Berlin (taz/afp) - Der Freie Deutsche Gewerkschaftsbund (FDGB) der DDR hat gestern seine Auflösung beschlossen. Wie der Vorsitzende des neugewählten Sprecherrates, Peter Rothe von der Gewerkschaft der Eisenbahner, in Ost-Berlin mitteilte, beauftragten die Vorsitzenden der im FDGB zusammengeschlossenen Einzelgewerkschaften den geschäftsführenden Vorstand des Dachverbands damit, einen außerordentlichen Kongreß vorzubereiten, der spätestens im Herbst stattfinden und die Auflösung feststellen soll. Der neugebildete Sprecherrat soll das Vermögen des FDGB auf die Einzelgewerkschaften aufteilen und enge Beziehungen zum bundesdeutschen Gewerkschaftsbund DGB einleiten.

Der Hauptvorstand der IG Bergbau-Energie-Wasserwirtschaft (IG BEW) hatte am Dienstag als erster beschlossen, die Mitgliedschaft im FDGB ruhen zu lassen. Die Gewerkschaft wollte alle notwendigen Schritte zur Vorbereitung einer „Urabstimmung für ihren Austritt aus dem Dachverband“ ergreifen.

Der Beschluß der Bergbaugewerkschaft steht am Ende einer längeren Auseinandersetzung um den Kurs der FDGB-Führung unter der Vorsitzenden Helga Mausch. Die Beschlüsse „zur Durchsetzung des Demokratisierungsprozesses und zur Ablösung basisdemokratisch nicht legitimierter Funktionäre im FDGB“ seien nicht erfüllt, heißt es in dem Beschluß der IG BEW.

Den letzten Ausschlag für die Aufkündigung der Mitgliedschaft gab für die IG BEW der offene Brief des FDGB -Vorstandes von Anfang Mai an Ministerpräsident de Maiziere.
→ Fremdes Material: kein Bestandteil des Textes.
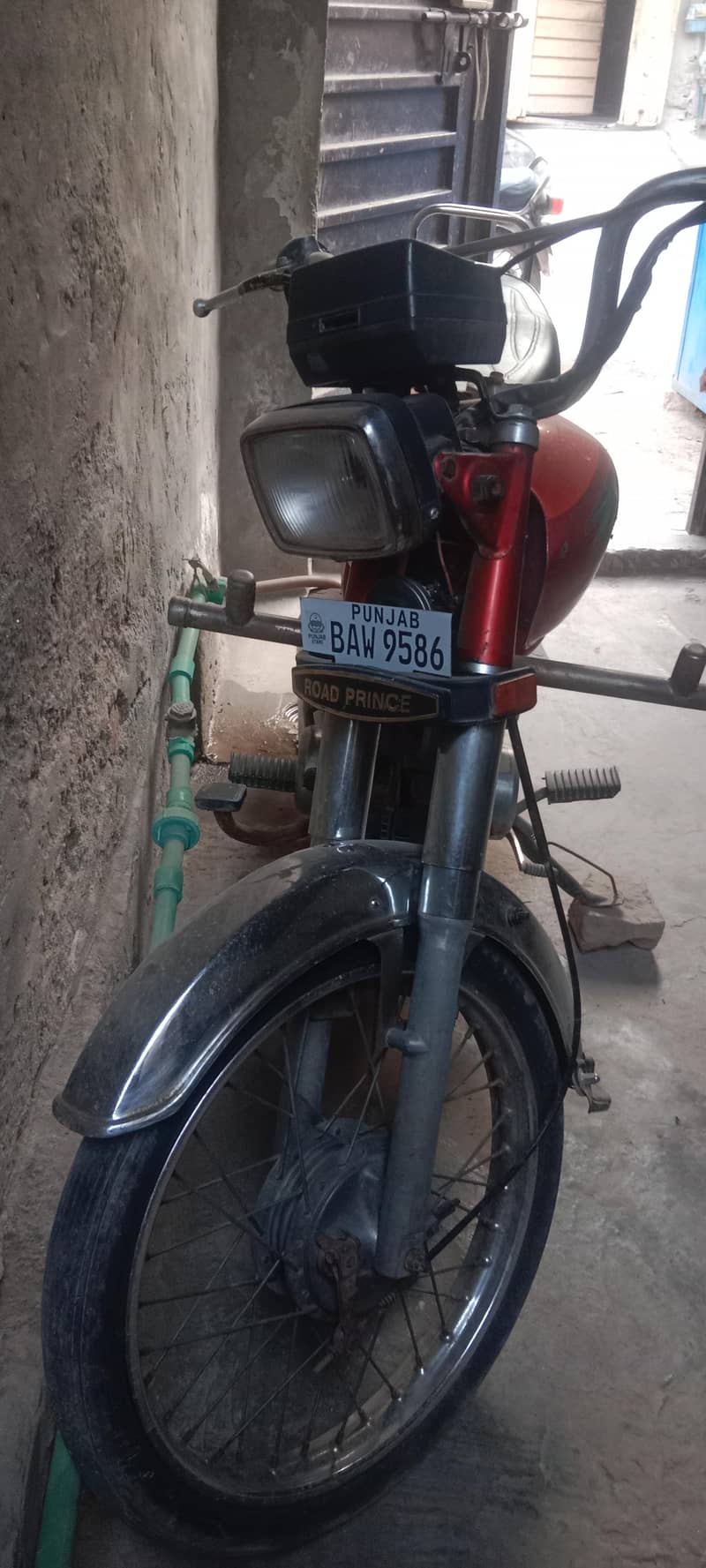 03068633550 0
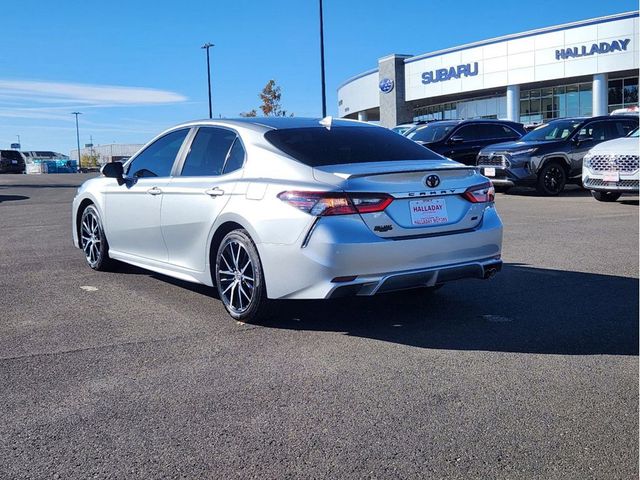 2022 Toyota Camry SE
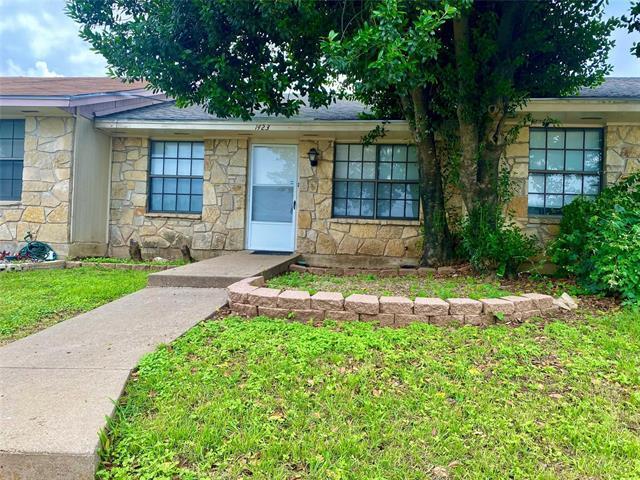 1423 Walters Dr in Granbury, TX - Building Photo - Building Photo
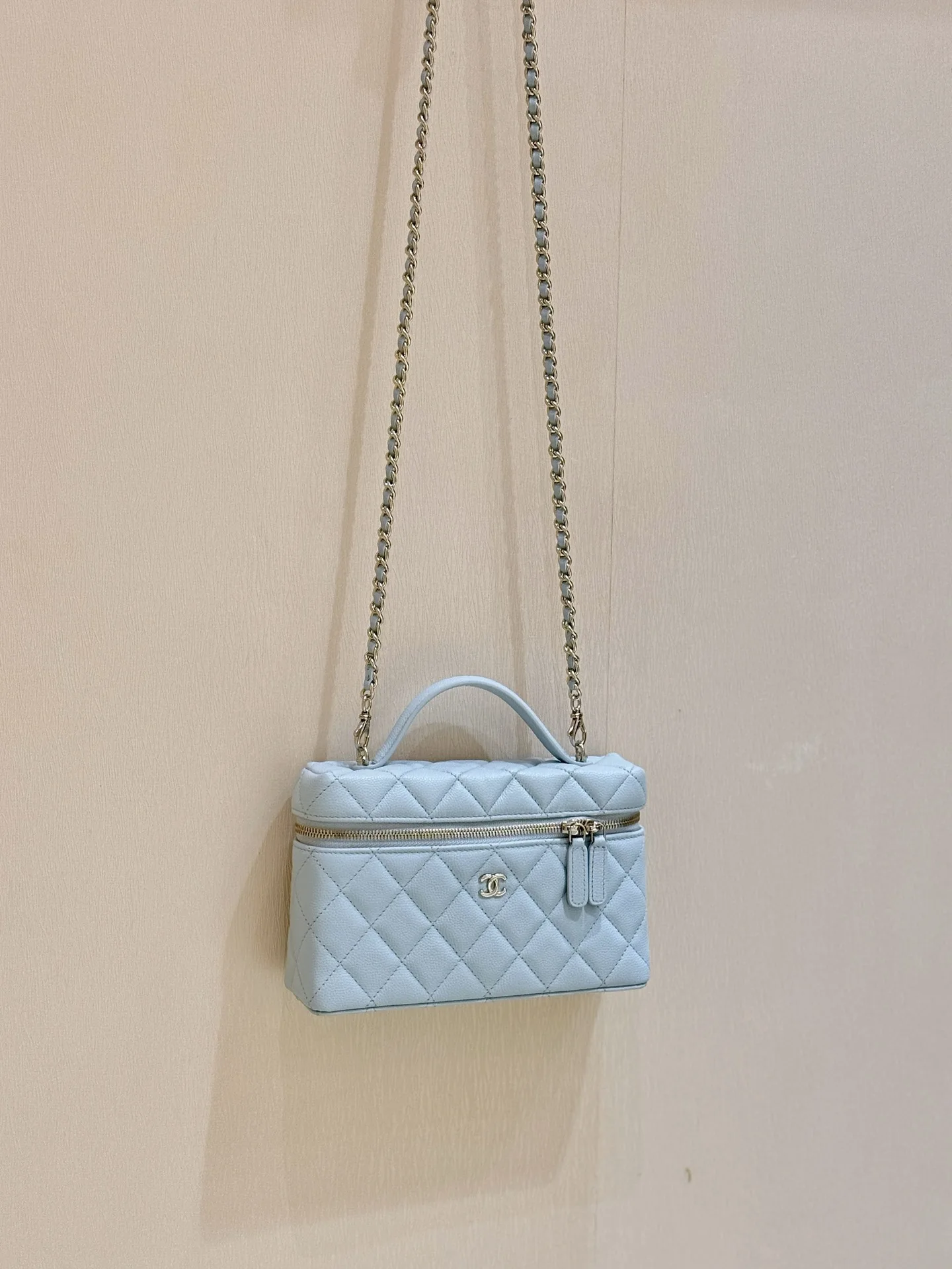 Chanel AP4385 25C LP Lunch Box Bag Women s Tote Crossbody Bag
In dem Brief fordert der Gewerkschaftsverband die Erhöhung der Löhne um 50 Prozent noch vor der Währungsunion sowie die Einführung der 38-Stunden-Woche und droht gleichzeitig mit Streikaktionen. Die Forderungen werden von der IG BEW als „überzogen“, „unrealisierbar“ und als „unrechtmäßiger Eingriff in unsere satzungsmäßige Tarifautonomie“ heftig kritisiert.